# Loading and Evaluating a Foundation Model

In this project we'll fine-tune a foundation model to avoid building a model from the ground up and we'll improve upon it's base accuracy

In [1]:
# Useful imports
from datasets import load_dataset
from transformers import AutoTokenizer
from transformers import AutoModelForSequenceClassification
import numpy as np
from transformers import DataCollatorWithPadding, Trainer, TrainingArguments

  from .autonotebook import tqdm as notebook_tqdm


### Step 1. Loading the dataset

The dataset that we'll use for this project is "FinanceInc/auditor_sentiment" which is an auditor review sentiment collected by News Department

The dataset contains "train" and "test" splits (no validation in this case) and it has a total of 33.8k rows with a train/test split of 75/25

In [2]:
# Step 1. Load a dataset
splits = ["train", "test"]

datasets = {split: ds for split, ds in zip(splits,load_dataset("FinanceInc/auditor_sentiment",split=splits))}
datasets

{'train': Dataset({
     features: ['sentence', 'label'],
     num_rows: 3877
 }),
 'test': Dataset({
     features: ['sentence', 'label'],
     num_rows: 969
 })}

Sentences can be one of:

positive - (label = 2)

neutral - (label = 1)

negative - (label = 0)


Below we can see some sample sentences:

In [29]:
# Positive
positive = filter(lambda x: x["label"] == 2,datasets["train"])
# Neutral
neutral = filter(lambda x: x["label"] == 1,datasets["train"])
# Negative
negative = filter(lambda x: x["label"] == 0,datasets["train"])

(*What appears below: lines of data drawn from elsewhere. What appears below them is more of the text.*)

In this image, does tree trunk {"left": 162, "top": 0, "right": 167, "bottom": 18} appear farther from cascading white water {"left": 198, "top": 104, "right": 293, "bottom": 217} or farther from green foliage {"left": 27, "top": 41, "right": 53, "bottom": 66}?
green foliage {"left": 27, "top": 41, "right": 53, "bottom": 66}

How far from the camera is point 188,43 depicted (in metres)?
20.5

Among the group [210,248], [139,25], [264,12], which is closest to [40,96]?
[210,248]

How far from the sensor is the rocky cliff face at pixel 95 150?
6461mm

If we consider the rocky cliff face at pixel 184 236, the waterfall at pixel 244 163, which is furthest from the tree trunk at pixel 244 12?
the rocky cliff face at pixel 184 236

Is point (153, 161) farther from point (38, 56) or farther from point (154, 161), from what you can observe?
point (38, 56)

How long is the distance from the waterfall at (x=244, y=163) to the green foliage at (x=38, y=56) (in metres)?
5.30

print(f"Positive sentence example: {positive.__next__()}\n")
print(f"Neutral sentence example: {neutral.__next__()}\n")
print(f"Negative sentence example: {negative.__next__()}\n")

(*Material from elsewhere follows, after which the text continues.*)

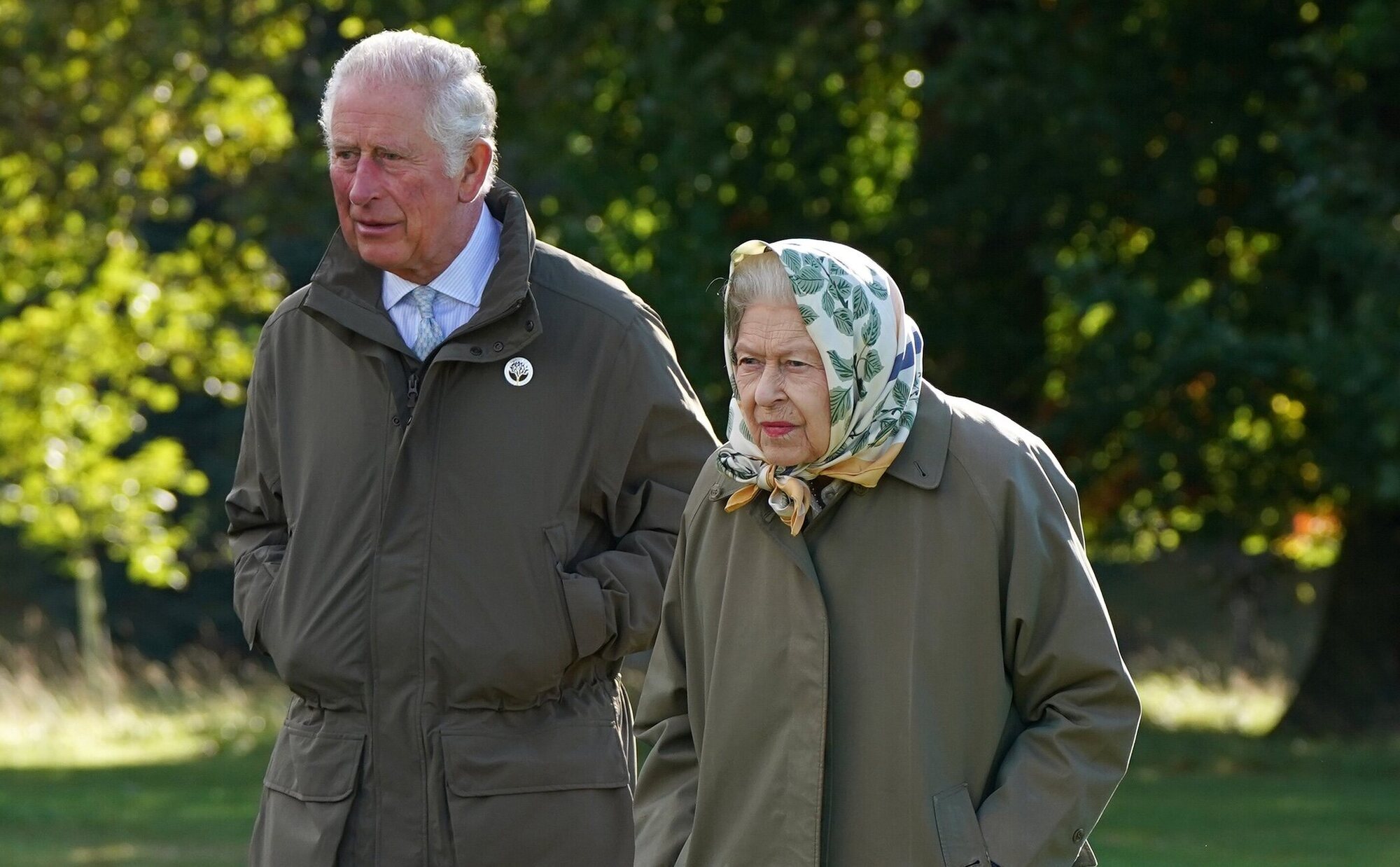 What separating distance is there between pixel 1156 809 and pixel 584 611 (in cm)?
730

Positive sentence example: {'sentence': "Altia 's operating profit jumped to EUR 47 million from EUR 6.6 million .", 'label': 2}

Neutral sentence example: {'sentence': 'Vaisala , headquartered in Helsinki in Finland , develops and manufactures electronic measurement systems for meteorology , environmental sciences , traffic and industry .', 'label': 1}

Negative sentence example: {'sentence': 'Operating loss totalled EUR 0.9 mn , down from a profit of EUR 2.7 mn .', 'label': 0}



### Loading the model

We'll use the model "cardiffnlp/twitter-roberta-base-sentiment-latest" which is a RoBERTa-base model trained on ~124M tweets from January 2018 to December 2021, and finetuned for sentiment analysis with the TweetEval benchmark.

In [None]:
MODEL = f"cardiffnlp/twitter-roberta-base-sentiment-latest"

#Tokenizing the dataset

tokenizer = AutoTokenizer.from_pretrained(MODEL)

tokenized_dataset = {}
for split in splits:
    tokenized_dataset[split] = datasets[split].map(
        lambda x: tokenizer(x["sentence"], truncation=True), batched=True
    )
    
tokenized_dataset["train"]

Dataset({
    features: ['sentence', 'label', 'input_ids', 'attention_mask'],
    num_rows: 3877
})

Loading the model:

In [5]:
model = AutoModelForSequenceClassification.from_pretrained(
    "cardiffnlp/twitter-roberta-base-sentiment-latest",
    num_labels=3,
    id2label={1:"NEUTRAL",0:"NEGATIVE",2:"POSITIVE"},
    label2id={"NEGATIVE":0,"NEUTRAL":1, "POSITIVE":2},
)

for param in model.base_model.parameters():
    param.requires_grad = False

model.classifier

Some weights of the model checkpoint at cardiffnlp/twitter-roberta-base-sentiment-latest were not used when initializing RobertaForSequenceClassification: ['roberta.pooler.dense.bias', 'roberta.pooler.dense.weight']
- This IS expected if you are initializing RobertaForSequenceClassification from the checkpoint of a model trained on another task or with another architecture (e.g. initializing a BertForSequenceClassification model from a BertForPreTraining model).
- This IS NOT expected if you are initializing RobertaForSequenceClassification from the checkpoint of a model that you expect to be exactly identical (initializing a BertForSequenceClassification model from a BertForSequenceClassification model).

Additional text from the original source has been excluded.